相手方に配偶者がいる内縁(事実婚)関係の場合
本妻と内縁の妻とで、遺族年金の支給はどちらが優先される?
原則、遺族年金は戸籍上の配偶者が内縁関係の配偶者より優先されます。いくら別居しているとはいえ婚姻の届出をしているわけですから、法律上の効力を有しているのは戸籍上の配偶者です。よって、戸籍上の配偶者が遺族年金の支給要件を満たせば、戸籍上の配偶者に支払われることとなります。
では、内縁関係の配偶者が遺族年金の支給を受けることはできないのでしょうか?結論からいうと、戸籍上の配偶者とは婚姻関係の実態が全くない状態であり、かつ、遺族年金の要件を満たせば、内縁関係の配偶者でも支給を受けることができます。
まず、「戸籍上の配偶者とは婚姻関係の実態が全くない状態」とは、具体的に、おおむね10年程度別居しており、経済的援助や音信・訪問もない状態となります。このような場合、戸籍上は配偶者だが実態的には配偶者とはいえないと判断され、遺族年金支給の対象者から外れます。

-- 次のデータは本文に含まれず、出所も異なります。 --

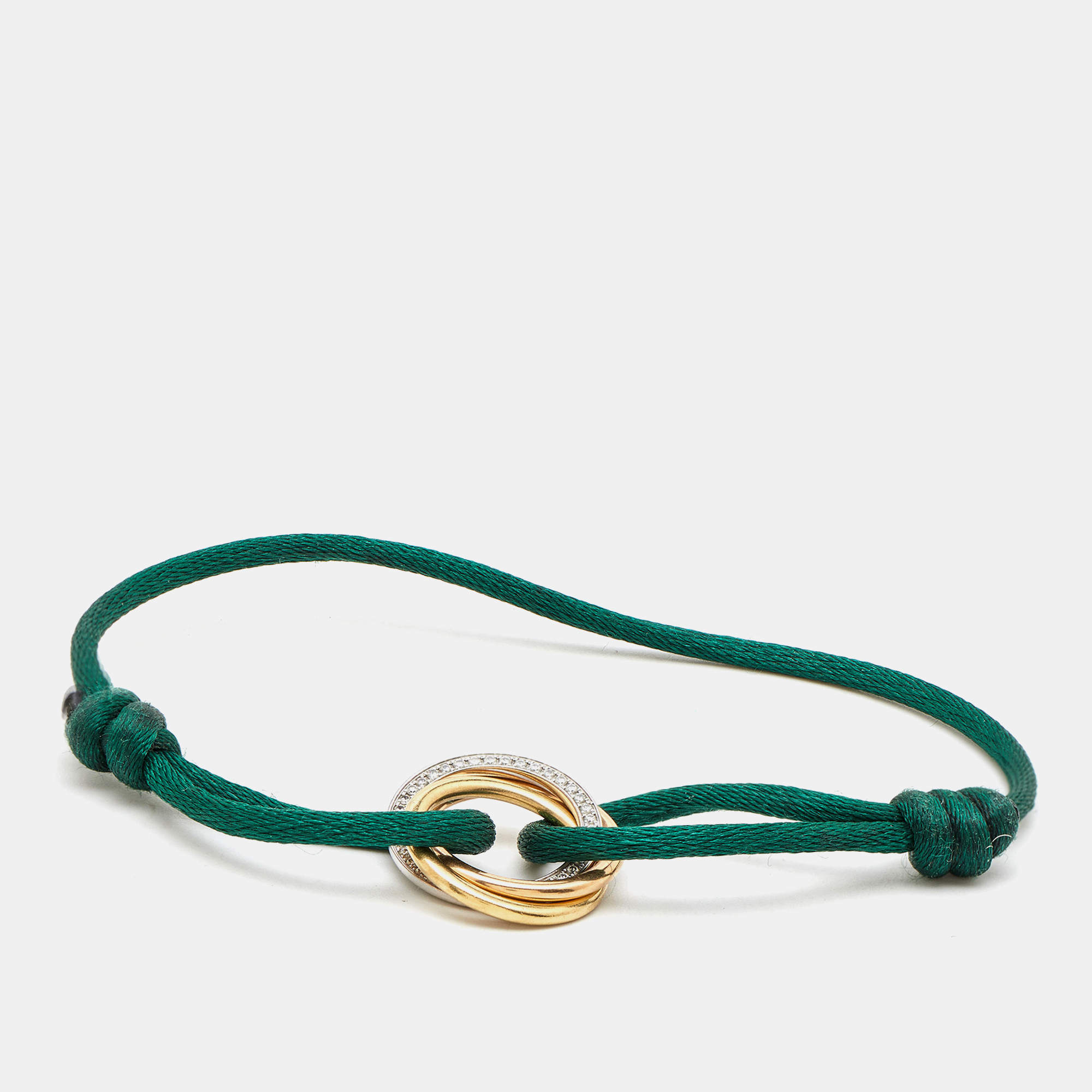 Cartier Trinity Diamonds 18k Three Tone Gold Adjustable Cord Bracelet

戸籍上の配偶者が遺族年金の対象者から外れると、次は、内縁関係の配偶者が遺族年金の要件を満たしているのか?という部分に審査が移ります。内縁関係の配偶者に対する要件は、相手方に配偶者がいない内縁(事実婚)関係の場合と同様です。しかし、このようなケースでは確実に支給されるという保証はなく、審査がありますので、請求をしてみないとわかりません。
以上のように遺族年金は、要件が揃えば内縁関係の配偶者に対しても支給されます。結婚していないからとあきらめるのではなく、とりあえずは遺族年金の請求をしてみることをオススメします。